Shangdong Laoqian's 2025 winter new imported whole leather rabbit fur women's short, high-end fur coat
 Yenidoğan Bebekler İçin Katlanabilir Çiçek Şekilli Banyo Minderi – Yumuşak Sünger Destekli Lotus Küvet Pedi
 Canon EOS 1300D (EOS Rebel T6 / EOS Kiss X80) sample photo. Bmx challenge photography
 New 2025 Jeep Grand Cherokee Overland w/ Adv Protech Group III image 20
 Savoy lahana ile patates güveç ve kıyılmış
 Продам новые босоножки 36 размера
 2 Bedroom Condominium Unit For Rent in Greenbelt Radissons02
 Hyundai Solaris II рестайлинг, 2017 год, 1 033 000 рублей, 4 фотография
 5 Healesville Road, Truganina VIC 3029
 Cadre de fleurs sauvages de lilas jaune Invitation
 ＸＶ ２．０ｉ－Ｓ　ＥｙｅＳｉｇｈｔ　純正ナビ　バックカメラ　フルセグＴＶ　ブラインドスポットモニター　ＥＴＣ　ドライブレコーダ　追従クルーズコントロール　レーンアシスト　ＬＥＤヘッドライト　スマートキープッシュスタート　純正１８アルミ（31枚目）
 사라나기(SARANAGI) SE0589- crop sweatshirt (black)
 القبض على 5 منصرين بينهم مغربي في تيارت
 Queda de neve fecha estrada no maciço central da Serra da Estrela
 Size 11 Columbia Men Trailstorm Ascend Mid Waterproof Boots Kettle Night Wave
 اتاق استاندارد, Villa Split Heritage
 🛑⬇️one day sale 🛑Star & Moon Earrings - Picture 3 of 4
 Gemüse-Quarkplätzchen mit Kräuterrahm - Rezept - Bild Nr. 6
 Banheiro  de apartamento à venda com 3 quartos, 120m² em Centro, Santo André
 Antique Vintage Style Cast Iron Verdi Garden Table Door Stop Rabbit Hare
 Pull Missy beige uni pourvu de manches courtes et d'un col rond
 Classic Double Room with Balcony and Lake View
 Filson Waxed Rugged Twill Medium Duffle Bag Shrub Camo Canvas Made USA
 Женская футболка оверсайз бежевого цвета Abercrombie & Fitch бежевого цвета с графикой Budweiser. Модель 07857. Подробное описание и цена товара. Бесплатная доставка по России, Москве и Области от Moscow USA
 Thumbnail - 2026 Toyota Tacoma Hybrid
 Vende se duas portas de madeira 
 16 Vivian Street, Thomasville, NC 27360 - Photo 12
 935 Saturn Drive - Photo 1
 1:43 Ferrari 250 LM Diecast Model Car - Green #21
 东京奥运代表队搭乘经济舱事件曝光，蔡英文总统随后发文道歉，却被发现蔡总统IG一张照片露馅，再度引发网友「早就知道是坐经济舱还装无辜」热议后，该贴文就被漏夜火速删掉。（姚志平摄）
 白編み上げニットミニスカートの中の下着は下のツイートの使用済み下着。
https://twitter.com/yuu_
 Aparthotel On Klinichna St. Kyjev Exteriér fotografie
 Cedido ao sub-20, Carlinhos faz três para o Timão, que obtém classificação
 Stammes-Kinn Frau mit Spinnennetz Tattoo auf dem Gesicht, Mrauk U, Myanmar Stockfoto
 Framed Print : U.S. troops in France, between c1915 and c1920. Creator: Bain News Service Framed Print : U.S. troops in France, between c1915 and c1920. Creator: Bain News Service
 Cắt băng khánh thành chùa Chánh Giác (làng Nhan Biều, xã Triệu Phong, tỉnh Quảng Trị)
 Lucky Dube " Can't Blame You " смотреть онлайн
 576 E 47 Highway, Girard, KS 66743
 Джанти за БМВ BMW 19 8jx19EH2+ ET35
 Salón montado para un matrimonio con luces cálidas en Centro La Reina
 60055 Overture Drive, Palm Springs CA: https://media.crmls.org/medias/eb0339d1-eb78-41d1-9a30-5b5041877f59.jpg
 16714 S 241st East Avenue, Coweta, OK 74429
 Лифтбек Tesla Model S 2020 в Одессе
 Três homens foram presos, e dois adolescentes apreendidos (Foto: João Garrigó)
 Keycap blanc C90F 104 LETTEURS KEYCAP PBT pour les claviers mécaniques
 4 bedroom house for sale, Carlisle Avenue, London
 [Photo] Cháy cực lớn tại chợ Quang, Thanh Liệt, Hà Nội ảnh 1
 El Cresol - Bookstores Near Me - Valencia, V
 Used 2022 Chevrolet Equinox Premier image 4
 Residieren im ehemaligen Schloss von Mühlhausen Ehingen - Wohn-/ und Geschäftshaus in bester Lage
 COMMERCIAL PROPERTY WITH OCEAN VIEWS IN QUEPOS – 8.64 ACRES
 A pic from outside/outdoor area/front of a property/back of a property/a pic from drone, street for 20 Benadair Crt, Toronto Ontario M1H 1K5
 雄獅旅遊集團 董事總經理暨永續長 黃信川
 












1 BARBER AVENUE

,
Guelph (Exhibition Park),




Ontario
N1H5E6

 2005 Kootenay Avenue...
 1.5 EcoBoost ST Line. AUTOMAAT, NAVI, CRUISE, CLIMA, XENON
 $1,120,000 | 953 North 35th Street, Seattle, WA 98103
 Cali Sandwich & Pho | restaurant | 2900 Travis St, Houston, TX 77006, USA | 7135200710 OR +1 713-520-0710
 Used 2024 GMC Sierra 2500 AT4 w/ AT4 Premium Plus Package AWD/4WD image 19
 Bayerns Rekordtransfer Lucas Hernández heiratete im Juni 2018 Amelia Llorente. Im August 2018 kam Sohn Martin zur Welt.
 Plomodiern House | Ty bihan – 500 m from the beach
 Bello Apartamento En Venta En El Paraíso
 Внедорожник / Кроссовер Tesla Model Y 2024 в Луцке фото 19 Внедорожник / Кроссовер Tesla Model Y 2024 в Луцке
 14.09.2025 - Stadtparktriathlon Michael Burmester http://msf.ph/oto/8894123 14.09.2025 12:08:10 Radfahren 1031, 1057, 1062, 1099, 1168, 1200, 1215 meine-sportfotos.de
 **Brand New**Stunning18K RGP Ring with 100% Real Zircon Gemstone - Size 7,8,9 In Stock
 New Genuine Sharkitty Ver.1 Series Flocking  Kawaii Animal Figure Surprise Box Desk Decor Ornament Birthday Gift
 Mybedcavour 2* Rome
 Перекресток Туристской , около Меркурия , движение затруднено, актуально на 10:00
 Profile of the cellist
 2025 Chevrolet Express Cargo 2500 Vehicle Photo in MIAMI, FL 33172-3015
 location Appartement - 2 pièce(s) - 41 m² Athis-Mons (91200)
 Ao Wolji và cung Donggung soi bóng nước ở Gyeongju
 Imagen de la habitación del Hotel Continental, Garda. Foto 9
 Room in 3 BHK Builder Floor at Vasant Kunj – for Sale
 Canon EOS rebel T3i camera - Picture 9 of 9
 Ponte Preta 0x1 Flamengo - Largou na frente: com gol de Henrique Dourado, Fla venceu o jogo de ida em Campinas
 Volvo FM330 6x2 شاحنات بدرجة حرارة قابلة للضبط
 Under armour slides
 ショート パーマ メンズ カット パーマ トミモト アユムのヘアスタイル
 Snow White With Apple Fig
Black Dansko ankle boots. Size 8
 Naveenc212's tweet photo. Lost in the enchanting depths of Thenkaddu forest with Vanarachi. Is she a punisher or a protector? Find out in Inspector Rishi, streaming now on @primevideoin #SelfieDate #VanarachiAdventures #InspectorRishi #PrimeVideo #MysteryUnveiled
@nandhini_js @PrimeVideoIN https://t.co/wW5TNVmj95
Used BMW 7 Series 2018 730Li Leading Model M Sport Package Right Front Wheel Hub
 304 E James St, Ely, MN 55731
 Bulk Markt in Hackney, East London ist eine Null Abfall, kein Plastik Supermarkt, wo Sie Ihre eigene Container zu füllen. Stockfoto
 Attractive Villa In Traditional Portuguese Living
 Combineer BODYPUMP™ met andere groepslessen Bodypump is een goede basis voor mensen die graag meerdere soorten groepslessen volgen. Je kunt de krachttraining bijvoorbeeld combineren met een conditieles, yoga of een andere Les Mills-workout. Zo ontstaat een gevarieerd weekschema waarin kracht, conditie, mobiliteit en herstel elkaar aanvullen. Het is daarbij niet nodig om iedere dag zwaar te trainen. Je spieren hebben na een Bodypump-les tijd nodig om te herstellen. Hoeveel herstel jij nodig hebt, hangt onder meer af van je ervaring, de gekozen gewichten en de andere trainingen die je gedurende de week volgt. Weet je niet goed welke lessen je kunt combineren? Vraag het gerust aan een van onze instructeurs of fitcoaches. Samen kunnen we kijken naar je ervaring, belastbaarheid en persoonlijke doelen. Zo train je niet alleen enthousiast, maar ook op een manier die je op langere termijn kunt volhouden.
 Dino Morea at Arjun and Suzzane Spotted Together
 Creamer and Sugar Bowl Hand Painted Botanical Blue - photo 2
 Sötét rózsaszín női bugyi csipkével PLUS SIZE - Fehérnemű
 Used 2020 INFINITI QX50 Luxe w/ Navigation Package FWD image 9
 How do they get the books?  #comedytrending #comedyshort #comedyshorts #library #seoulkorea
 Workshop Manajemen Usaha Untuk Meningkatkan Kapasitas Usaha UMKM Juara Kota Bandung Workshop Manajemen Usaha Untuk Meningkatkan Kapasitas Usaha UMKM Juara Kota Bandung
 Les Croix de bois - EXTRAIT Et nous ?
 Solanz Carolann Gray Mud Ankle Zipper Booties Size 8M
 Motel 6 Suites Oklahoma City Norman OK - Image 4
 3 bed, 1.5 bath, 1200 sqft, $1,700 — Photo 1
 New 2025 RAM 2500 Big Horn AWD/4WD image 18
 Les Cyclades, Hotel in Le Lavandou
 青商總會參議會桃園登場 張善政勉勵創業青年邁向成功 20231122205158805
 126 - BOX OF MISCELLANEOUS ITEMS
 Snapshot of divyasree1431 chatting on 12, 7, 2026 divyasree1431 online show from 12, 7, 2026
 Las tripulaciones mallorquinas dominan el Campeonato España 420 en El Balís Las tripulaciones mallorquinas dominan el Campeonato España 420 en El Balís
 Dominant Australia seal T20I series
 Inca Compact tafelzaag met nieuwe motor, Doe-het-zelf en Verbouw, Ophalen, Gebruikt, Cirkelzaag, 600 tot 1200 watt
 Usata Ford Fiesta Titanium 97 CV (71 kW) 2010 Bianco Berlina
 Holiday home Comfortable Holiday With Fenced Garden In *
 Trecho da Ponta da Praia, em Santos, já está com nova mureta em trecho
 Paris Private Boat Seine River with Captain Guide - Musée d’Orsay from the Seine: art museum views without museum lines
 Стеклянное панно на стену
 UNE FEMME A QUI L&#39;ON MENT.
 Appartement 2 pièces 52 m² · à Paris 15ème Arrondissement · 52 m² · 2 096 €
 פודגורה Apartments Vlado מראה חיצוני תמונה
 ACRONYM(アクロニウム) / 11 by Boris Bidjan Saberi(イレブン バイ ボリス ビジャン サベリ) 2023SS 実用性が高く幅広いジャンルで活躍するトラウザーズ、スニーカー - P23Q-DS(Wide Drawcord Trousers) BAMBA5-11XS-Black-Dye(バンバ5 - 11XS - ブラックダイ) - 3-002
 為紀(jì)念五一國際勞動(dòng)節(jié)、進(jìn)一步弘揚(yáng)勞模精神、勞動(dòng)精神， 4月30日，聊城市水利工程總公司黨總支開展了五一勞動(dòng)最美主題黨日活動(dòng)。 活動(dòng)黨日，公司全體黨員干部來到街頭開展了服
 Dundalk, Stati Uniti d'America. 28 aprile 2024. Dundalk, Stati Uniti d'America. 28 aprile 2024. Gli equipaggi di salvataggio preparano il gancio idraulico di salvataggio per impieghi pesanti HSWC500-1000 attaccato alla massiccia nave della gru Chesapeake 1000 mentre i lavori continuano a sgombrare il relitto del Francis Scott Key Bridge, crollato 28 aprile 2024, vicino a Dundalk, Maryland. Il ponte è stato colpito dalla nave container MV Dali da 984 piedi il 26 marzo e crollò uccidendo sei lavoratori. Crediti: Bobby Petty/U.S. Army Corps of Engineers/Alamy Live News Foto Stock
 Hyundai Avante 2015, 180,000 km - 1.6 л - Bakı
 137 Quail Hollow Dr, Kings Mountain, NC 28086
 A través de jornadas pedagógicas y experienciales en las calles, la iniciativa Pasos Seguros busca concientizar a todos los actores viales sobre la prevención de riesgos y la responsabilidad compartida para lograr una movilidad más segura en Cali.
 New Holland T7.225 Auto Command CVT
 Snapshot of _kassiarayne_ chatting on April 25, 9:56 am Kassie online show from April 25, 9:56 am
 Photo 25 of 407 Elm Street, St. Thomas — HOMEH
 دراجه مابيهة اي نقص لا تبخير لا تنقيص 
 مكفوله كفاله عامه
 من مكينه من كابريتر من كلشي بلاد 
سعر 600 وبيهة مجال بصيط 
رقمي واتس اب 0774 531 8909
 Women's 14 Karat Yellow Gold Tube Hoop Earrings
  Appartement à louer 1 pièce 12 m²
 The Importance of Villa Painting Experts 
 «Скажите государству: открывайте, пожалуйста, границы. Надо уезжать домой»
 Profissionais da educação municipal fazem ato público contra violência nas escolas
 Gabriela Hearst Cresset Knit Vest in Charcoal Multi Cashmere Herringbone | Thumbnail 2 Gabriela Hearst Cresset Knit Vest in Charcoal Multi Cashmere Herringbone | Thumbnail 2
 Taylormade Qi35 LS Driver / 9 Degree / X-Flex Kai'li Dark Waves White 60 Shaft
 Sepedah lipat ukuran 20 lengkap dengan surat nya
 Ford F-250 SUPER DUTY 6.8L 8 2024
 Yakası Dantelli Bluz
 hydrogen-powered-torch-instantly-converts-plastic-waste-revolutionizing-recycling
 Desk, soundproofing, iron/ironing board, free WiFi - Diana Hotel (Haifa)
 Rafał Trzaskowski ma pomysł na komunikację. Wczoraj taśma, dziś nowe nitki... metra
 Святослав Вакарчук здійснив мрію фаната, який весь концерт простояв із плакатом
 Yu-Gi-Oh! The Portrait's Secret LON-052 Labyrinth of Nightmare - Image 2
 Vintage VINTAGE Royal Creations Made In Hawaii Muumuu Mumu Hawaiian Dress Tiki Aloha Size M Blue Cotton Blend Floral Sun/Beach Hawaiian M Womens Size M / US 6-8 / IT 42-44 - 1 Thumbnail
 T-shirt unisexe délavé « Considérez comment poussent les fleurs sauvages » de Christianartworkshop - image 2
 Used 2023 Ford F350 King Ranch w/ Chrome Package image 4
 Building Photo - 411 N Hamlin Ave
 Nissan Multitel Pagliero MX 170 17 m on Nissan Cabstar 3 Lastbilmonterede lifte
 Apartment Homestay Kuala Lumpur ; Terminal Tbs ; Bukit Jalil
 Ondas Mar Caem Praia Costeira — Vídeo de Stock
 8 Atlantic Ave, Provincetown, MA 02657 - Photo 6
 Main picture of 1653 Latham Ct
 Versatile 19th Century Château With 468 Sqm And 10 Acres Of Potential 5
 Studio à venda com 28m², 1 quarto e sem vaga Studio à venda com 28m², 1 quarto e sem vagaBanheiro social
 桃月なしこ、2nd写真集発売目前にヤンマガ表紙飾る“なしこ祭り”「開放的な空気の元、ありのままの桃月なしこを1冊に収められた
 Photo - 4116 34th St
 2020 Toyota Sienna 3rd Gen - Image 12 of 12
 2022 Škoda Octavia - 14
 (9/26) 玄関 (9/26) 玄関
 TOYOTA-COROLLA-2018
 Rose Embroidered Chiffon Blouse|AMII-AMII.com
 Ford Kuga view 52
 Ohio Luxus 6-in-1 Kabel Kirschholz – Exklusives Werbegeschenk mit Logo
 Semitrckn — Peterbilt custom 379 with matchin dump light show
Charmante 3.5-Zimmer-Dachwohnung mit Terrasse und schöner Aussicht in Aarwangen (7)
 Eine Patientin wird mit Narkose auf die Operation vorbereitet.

════════

● **WHAT TO DO**
Everything starting at the line containing "2025 Chevrolet Express" and ending at the line containing "Imagen de la" in the records above should be repeated exactly, and only that.

● **ANSWER AREA**
 2025 Chevrolet Express Cargo 2500 Vehicle Photo in MIAMI, FL 33172-3015
 location Appartement - 2 pièce(s) - 41 m² Athis-Mons (91200)
 Ao Wolji và cung Donggung soi bóng nước ở Gyeongju
 Imagen de la habitación del Hotel Continental, Garda. Foto 9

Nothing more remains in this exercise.